To do
The answer should hold every line of the listing, unchanged and free of images.

(Beginning of Information shown)

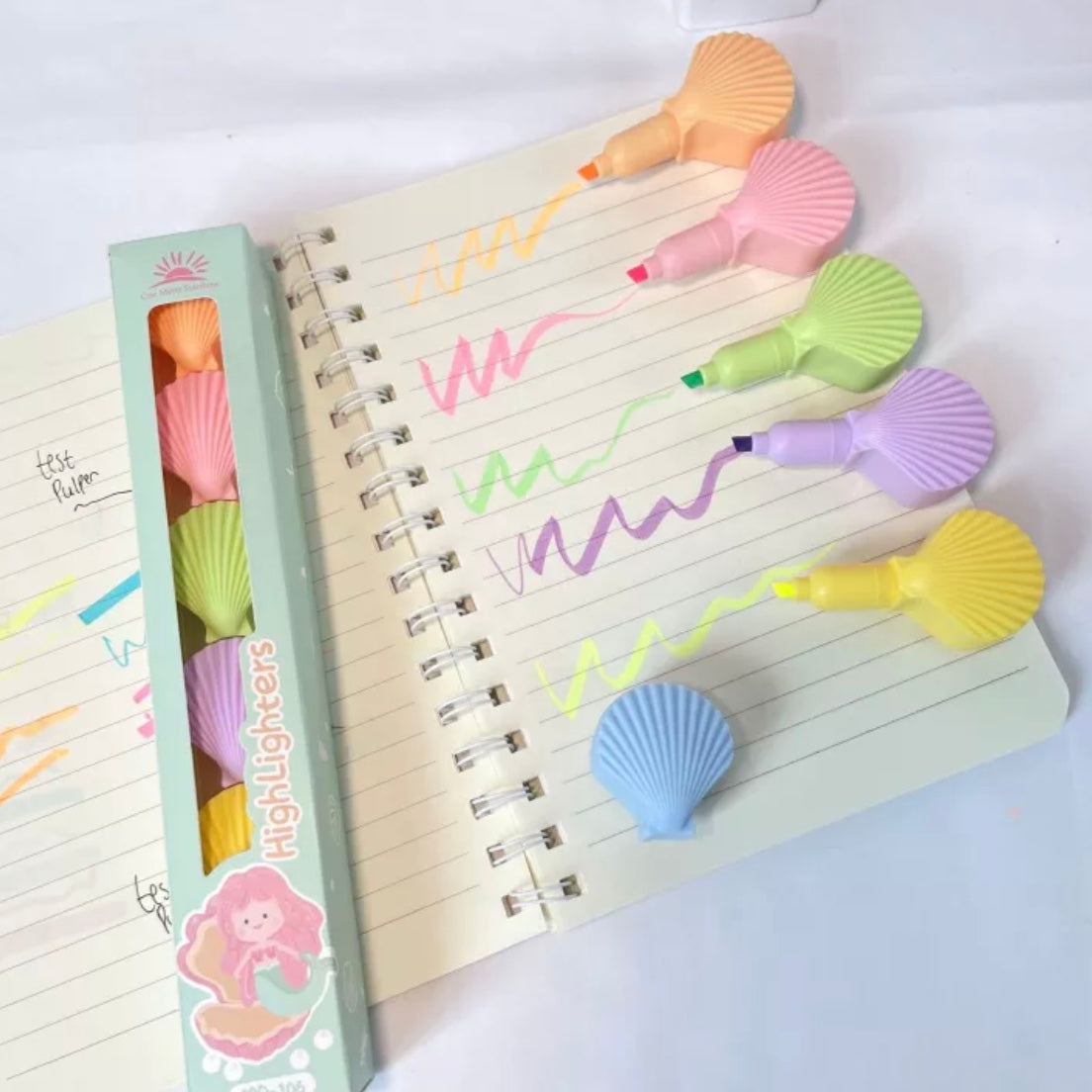 Shelly: 5-Color Stackable Sea-Shell Highlighters (Set of 6) – Fun & Colorful Markers for Kids & Journaling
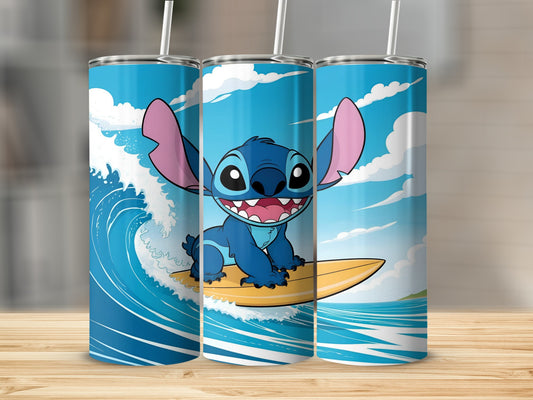 Blue Stitch character surfing a yellow surfboard on a wave.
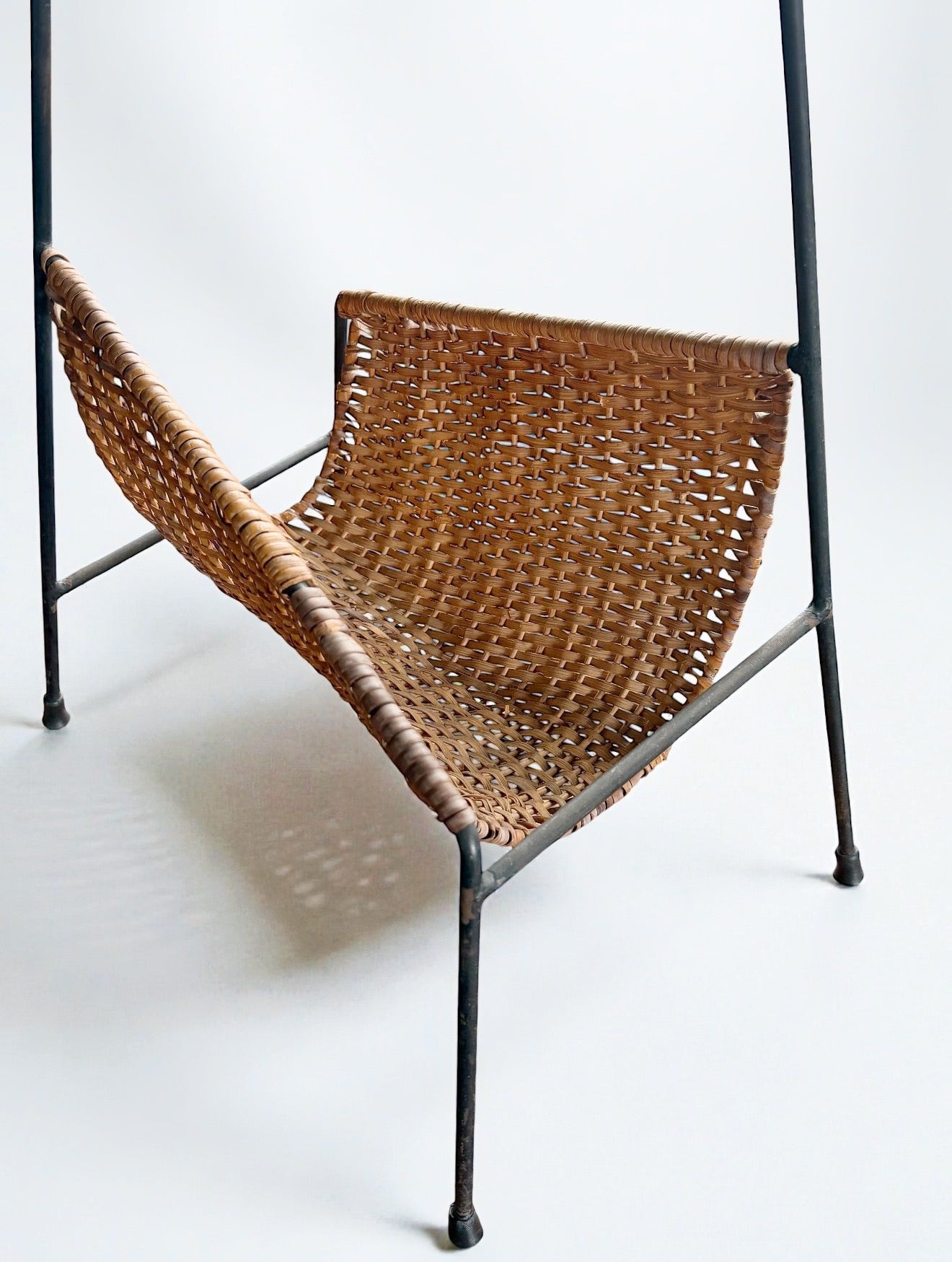 Vintage Rattan and Steel Magazine Rack, Italy 1950s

(End of Information shown)

Answer to this problem
 Shelly: 5-Color Stackable Sea-Shell Highlighters (Set of 6) – Fun & Colorful Markers for Kids & Journaling
 Blue Stitch character surfing a yellow surfboard on a wave.
 Vintage Rattan and Steel Magazine Rack, Italy 1950s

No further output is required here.